The closest pair is more global. It is looking at all optimal edges at once. So, the algorithm starts at 0 and finds four that are exactly 1 unit apart (0, 1), (1, 0), (-1, 0), and (0, -1). It would add two distinct pairs creating the graph (-1, 0, 1). This could be either directed or non-directed.

Then it would repeat, and notice that (1, 3) is the next smallest edge, and so on, until it arrives at the optimal solution.

The difference is that in the nearest neighbor case, the robot can only look at the neighbors of where it is currently located. In the closest pair case, you can look at all edges to choose the smallest one.

I agree this is not very clear in the book (which is a bit of a downer as the reader encounters it right away - page 7 in my edition).

I think the difficulty here is not in the closest-pair heuristic itself. The key is noticing that the heuristic is not itself supposed to be the solution to the problem! Only a part (arguably the most important part) of an algorithm that is never fully described in the book (probably because this is intended as a wrong algorithm). With the heuristic, you get the pairs of vertexes that should be connected, but not the order in which they ought to be connected. For that, something more is needed.

For completeness, here is the problem statement from the book

Problem: Robot Tour Optimization

Input: A set S of n points in the plane

Output: What is the shortest cycle tour that visits each point in the set S

Now, the closest-pair heuristic, as defined in the book and quoted here, only gives you a set/list of connections, not the tour itself, and so not the required solution.

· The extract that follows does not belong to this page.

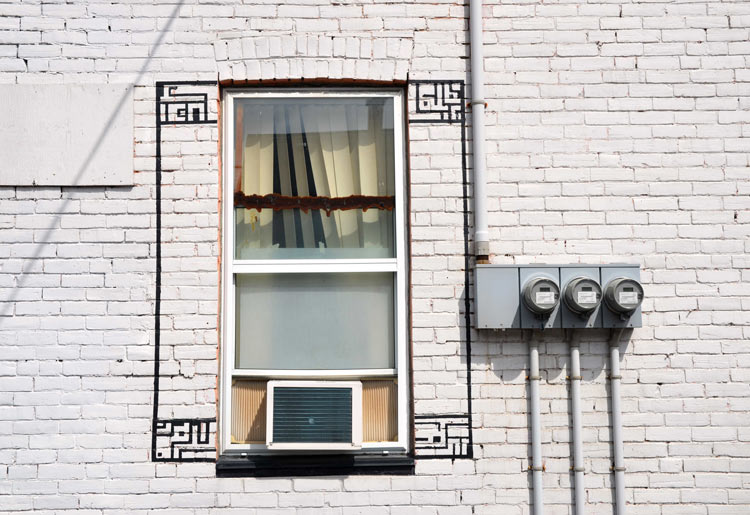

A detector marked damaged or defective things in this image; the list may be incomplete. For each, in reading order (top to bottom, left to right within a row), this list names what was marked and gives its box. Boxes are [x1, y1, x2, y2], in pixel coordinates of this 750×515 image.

To obtain the tour you would have to do something more. An overall (flawed!) solution using this strategy would look something like:

1) Initialize the output list of vertexes to visit as the empty list (call it RET).
2) Obtain the list of connections (vertex pairs) given by ClosestPair (let it be L)
3) If L is empty, jump to 12
4) Remove an arbitrary connection from L (call it C1).
5) Choose an arbitrary vertex from C1 (call it V1)
6) Append V1 to RET
7) Remove from L the other connection that contains V1 (call it C2)
8) Choose the other vertex from that connection (call it V2)
9) append V2 to RET
10) Set V1=V2
11) If L is not empty, jump back to 7
12) return RET

Or in pseudo-code

Alg(P): # P is the input set of points
    RET = []
    L = ClosestPairs(P)
    if(L.empty()):
        return RET
    C1 = L.getAndRemoveRandomElement()
    V1 = C1.getRandomVertex()
    RET.append(V1)
    while(!L.empty()):
        C2 = L.getAndRemoveElementContaining(V1)
        V2 = C2.getTheOtherVertex(V1)
        RET.append(V2)
        V1 = V2
    return RET

I was going through the same problem of understand this heuristic, my answer might help the others facing the same problem.

What does the robot need is a closed path which visits all the points and cycle backs to its original position. There is a statement mentioning premature termination which insists that the path should be full (visiting all points i.e.. we should not join some pair of vertices such that they create a smaller closed path).

Now going through the example below

here the by using the closest-pair heuristic we will find a path which connects all the points in a line and then connects the remaining end points with each other (-21 , 11). So whether robot starts with 0 or -21 or 11, it will be travelling the same distance (it will circle back to its starting position for next iteration). This distance will be the optimal distance.

But the above approach fails in the case below

here the closest pair path turns out to be the image on the left, while the optimal path should be the image on the right, hence the heuristic fails to give the correct solution.